Searching under "Serenaders Quartet," I found out nothing about same. Then I plugged in "Serenaders" + "How Do You Pray," and up popped their current website, complete with photos, sound bytes, and group history: Serenaders Studios
This Goodwill find has some right-channel needle damage that I eliminated by, as ever, putting the left channel on both sides. Since this is a mono LP, nothing was lost except the noise. To the Sunday morning gospel:
The Serenaders--How Do You Pray?
How Do You Pray
Way Down Deep in My Soul
I'll Meet You By the River
God Will Bless You All
Hide Thou Me
How Great Thou Art
He'll Be There
Glory Clear the Road
Lord, I Want to Walk Your Way
Light of His Love
Hide Me Rock of Ages
Room at the Cross
The Serenaders Quartet--How Do You Pray? (Sing 501)
I hope the cover image isn't too dark. If so, I did my best. Thing is, the brightness is set too low on my HP monitor (except for several hours, recently, when it went the other way), and so I figure that overdoing the darkness will get an image just right. Meanwhile, the HP on-line instructions insist that the monitor can be manually adjusted for contrast, but I've searched every inch of same with no luck. I almost think the PC is taunting me with its occasional, inexplicable contrast shifts.
And so, at last, a copy of An Hour of Star Dust in acceptable-plus condition. This is one of those easy-to-find albums that's nevertheless hard to find in playable condition, like The Eddy Duchin Story or Como's Golden Records. I've celebrated by ripping the entire LP, and not just half of it, like last time.
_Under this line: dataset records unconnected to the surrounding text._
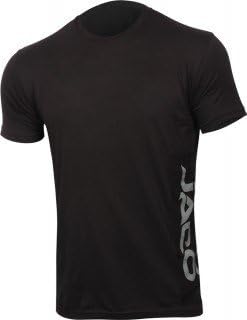Jaco MMA Ht Black Logo Tee - Medium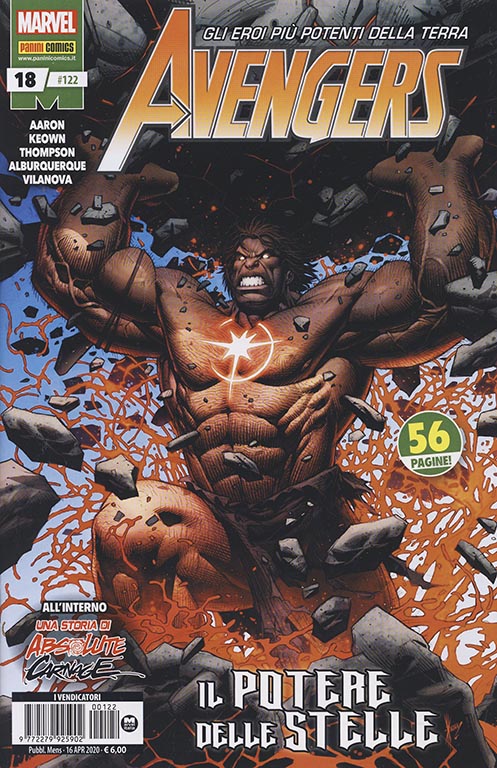 Avengers nr. 18 (2020)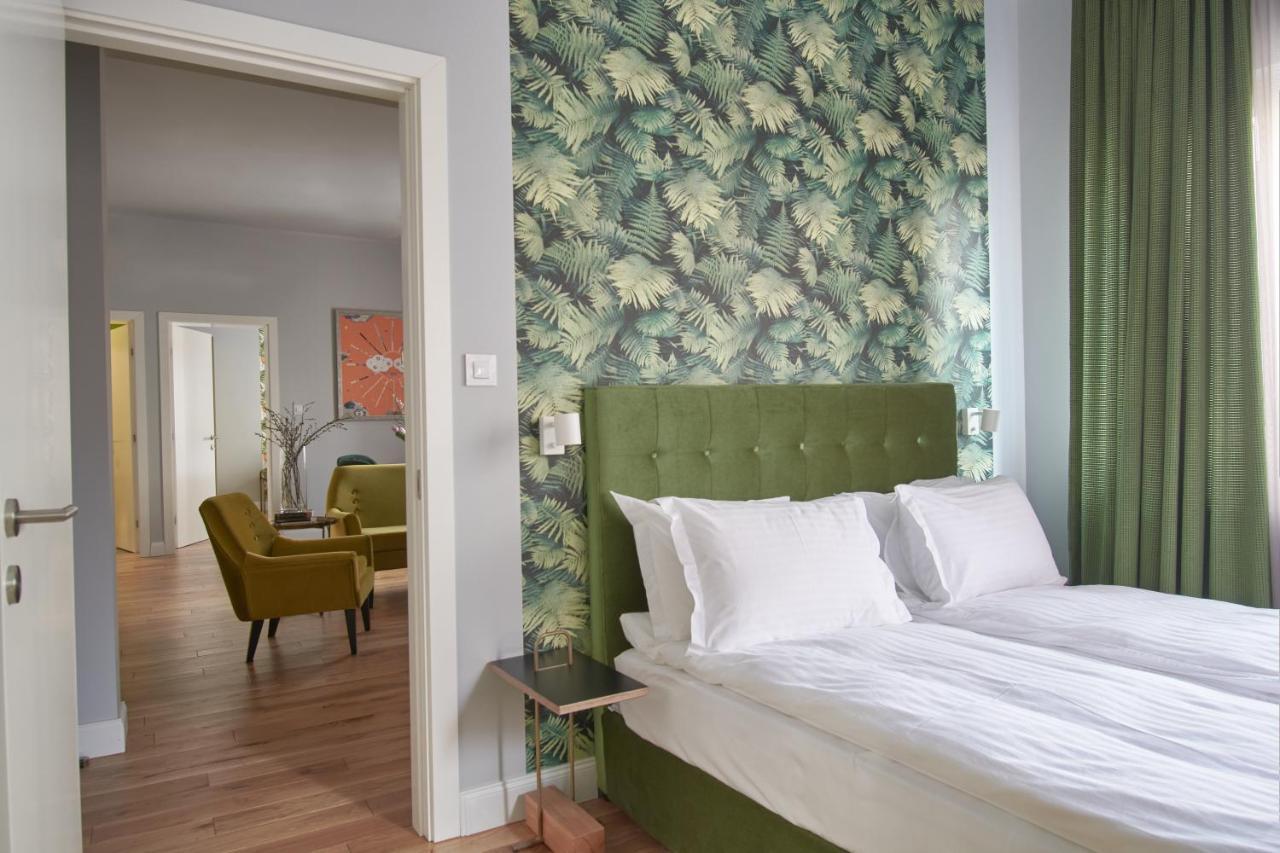 The Embassy Suites Sofia Zewnętrze zdjęcie
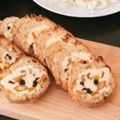 ★もじゃこ★'s cooksnap of when they made 簡単♪オシャレ☆スタッフドバケット☆.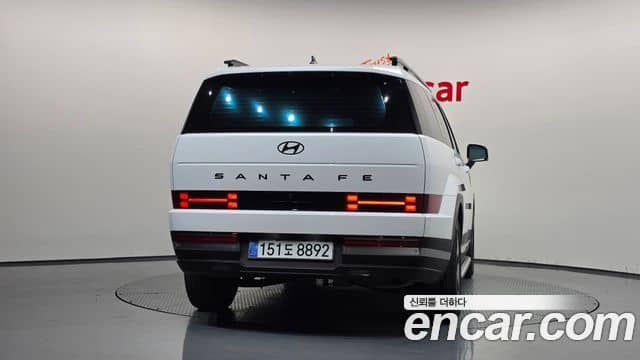 Hyundai Santa Fe V
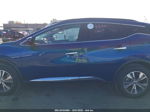 2021 Nissan Murano Sv Intelligent Awd Blue vin: 5N1AZ2BS0MC113239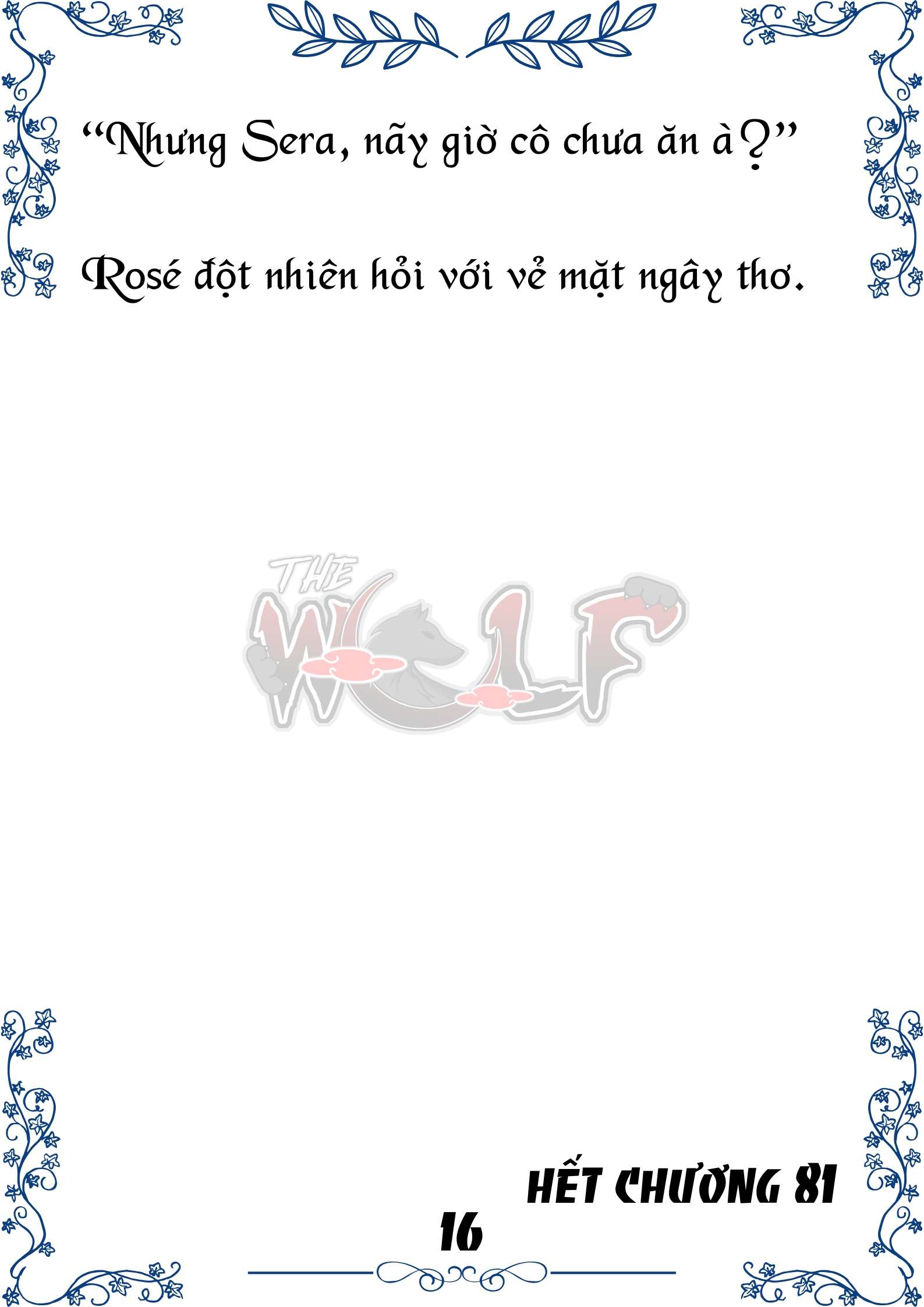 Tôi Trở Thành Gia Sư Của Cặp Song Sinh Hoàng Gia Chap 81 - Trang 2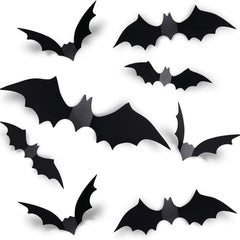 Halloween Fledermaus-Dekoration 60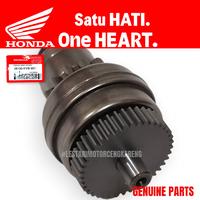Gambar HONDA PINION GIGI STATER GRANAT VARIO KARBU BEAT KARBU FI ORIGINAL AHM 100% 28120-KVB-901 dari Lestari Motor 2 Kota Administrasi Jakarta Barat 3 Tokopedia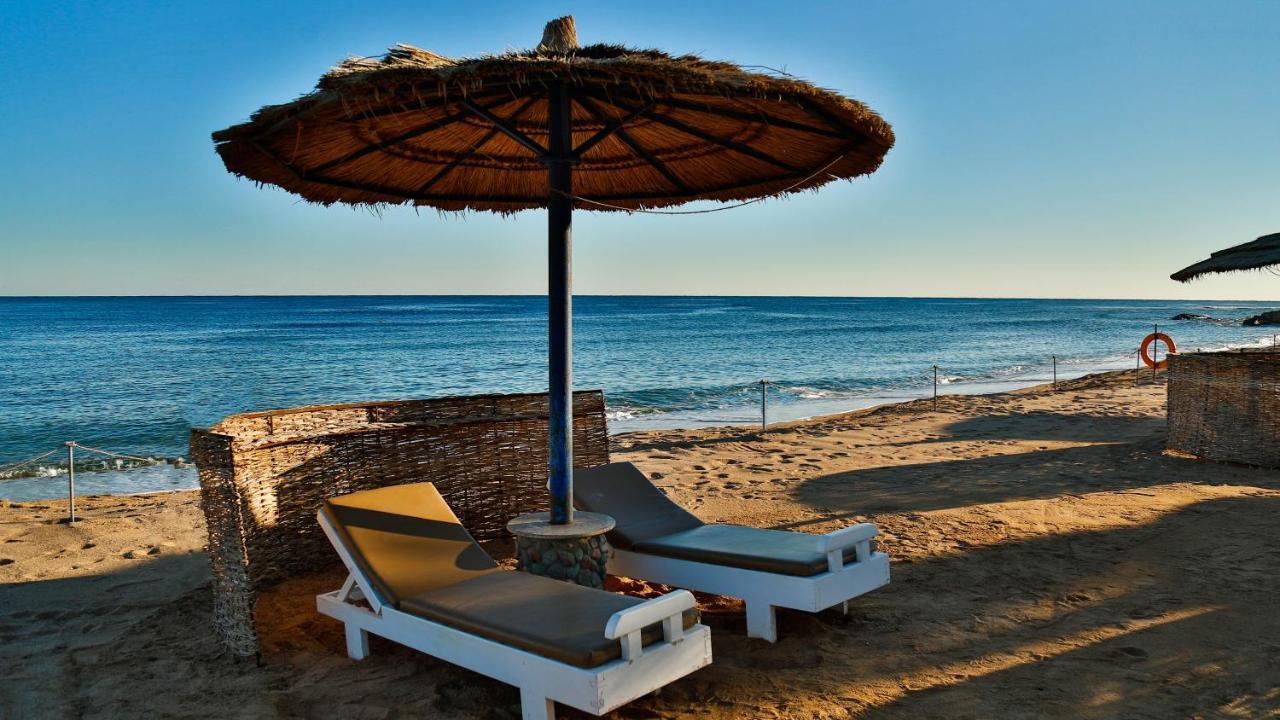 Coral Sun Beach (Adults Only) Safaga Eksteriør bilde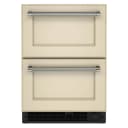 24" Panel-Ready Undercounter Double-Drawer Refrigerator/Freezer view 1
Royale, of course, was a junk label supreme, and this one is junky even by Royale, um, standards--not the music or the orchestra, which are great, but the sound quality, which is fairly pathetic. My theory is that the material was recorded off the radio, probably overseas, and then mastered from reel to reel tape. The latter would explain the machine shut-off sound that follows each track, which I've edited out for your convenience. (The shut-off noise, not the tracks.) I also edited out numerous pops and tape drop-outs (or are they broadcast drops?) and just generally balanced the two channels to minimize distortion and create the illusion that someone actually engineered this.
Some all-time great Pops novelties, all beautifully done--Dizzy Fingers, Kitten on the Keys, The Syncopated Clock, Stringcopation--and lush, gloriously over-arranged standards like, well, Star Dust. How over-arranged? Well, I can picture Mantovani paring down the Star Dust orchestration and halving the running time. Not a problem for me--I love such over the top easy listening, in part because it makes for such a wonderful contradiction (easy/over the top).
The two-part Hollywood Concerto has nothing to do with Hollywood or concertos, which makes for a nothing ending to this set, but I love it, anyway. It's probably my favorite junk-label album of all time.
An Hour of Star Dust--Royale Concert Orch.
Those Foolish Things
Kitten on the Keys
Hollywood Concerto, Pt. 1
Hollywood Concerto, Pt. 2
An Hour of Star Dust--Royale Concert Orch. (Royale 1274)
Friday, May 25, 2012
One big difference between Arianna Huffington and Robert Conrad? I've got one: Robert doesn't pretend to be a liberal.
Thursday, May 24, 2012
On the pages of MY(P)WHAE, only the most authentic, classic, genuine, essential, and legendary fake country is shared. We'll have nothing to do with cut-rate and/or inauthentic fakeness. That is our sincere promise. And, while it's occurring to me, am I the only person who looks at the Folk Music label (below) and sees a 2? Which is actually an eighth note with the head in the wrong direction?
In our second installment, we'll be hearing more budget knock-offs of then-current country hits, though they're not necessarily more budget. In fact, they're all at pretty much the same level of cheapness. All of these are from my collection, and all but two are 78s. And please ignore the third label scan (Settin' the Woods on Fire), which will be part of our next playlist, not this one. I'd meant to scan How Much Is that Hound Dog in the Window (imitation Homer and Jethro), but I grabbed the wrong Tops 45. That'll happen.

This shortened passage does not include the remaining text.